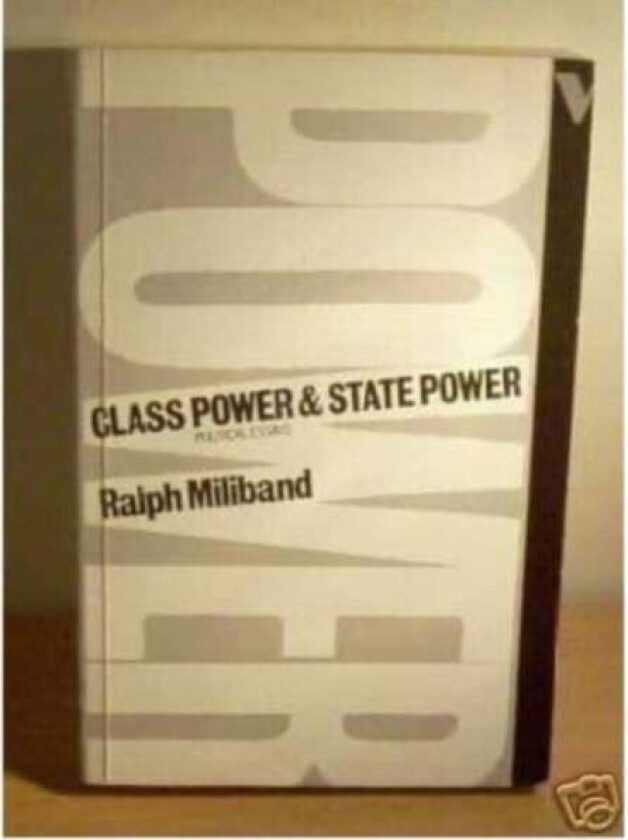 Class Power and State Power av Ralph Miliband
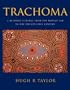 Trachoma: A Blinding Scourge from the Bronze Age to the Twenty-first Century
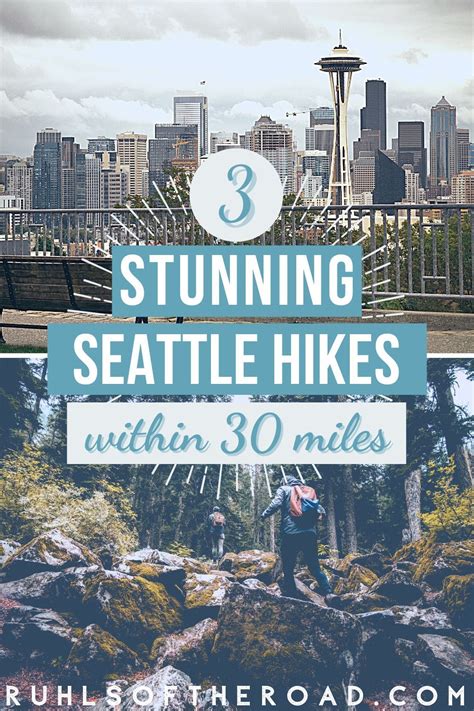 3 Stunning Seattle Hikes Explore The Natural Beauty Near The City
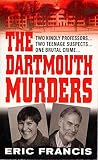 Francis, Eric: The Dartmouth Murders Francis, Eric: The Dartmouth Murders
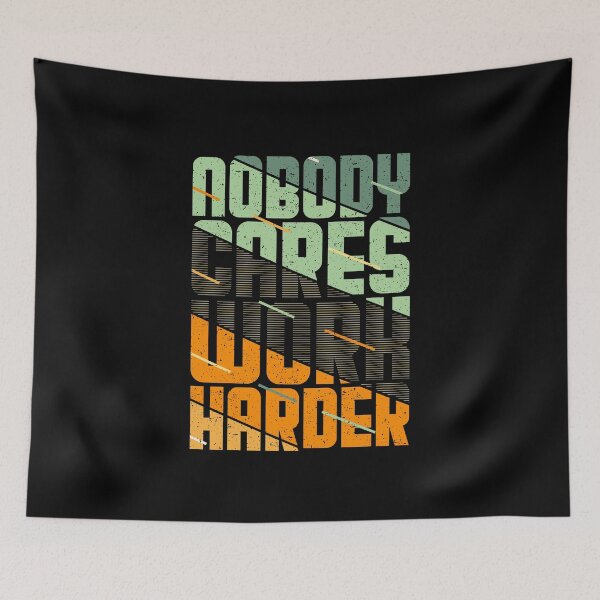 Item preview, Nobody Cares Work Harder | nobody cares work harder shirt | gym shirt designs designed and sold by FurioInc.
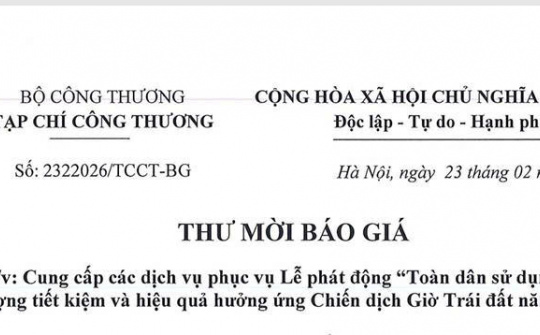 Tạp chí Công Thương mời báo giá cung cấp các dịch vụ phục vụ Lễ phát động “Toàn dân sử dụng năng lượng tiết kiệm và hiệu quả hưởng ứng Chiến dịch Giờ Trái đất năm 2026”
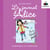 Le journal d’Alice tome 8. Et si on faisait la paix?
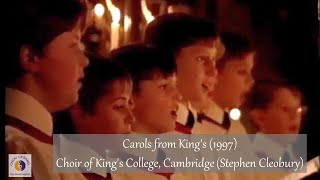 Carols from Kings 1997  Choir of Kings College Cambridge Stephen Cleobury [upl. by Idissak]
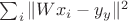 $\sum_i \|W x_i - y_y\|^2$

+ + + + +

> **Problem requirements**:
Your output should be the lines from the line containing "Francis, Eric: The Dartmouth Murders Francis, Eric: The" through the last line of the listing above, restated exactly, with no pictures among them.

> **Solution to the exercise**:
 Francis, Eric: The Dartmouth Murders Francis, Eric: The Dartmouth Murders
 Item preview, Nobody Cares Work Harder | nobody cares work harder shirt | gym shirt designs designed and sold by FurioInc.
 Tạp chí Công Thương mời báo giá cung cấp các dịch vụ phục vụ Lễ phát động “Toàn dân sử dụng năng lượng tiết kiệm và hiệu quả hưởng ứng Chiến dịch Giờ Trái đất năm 2026”
 Le journal d’Alice tome 8. Et si on faisait la paix?
 Carols from Kings 1997  Choir of Kings College Cambridge Stephen Cleobury [upl. by Idissak]
 $\sum_i \|W x_i - y_y\|^2$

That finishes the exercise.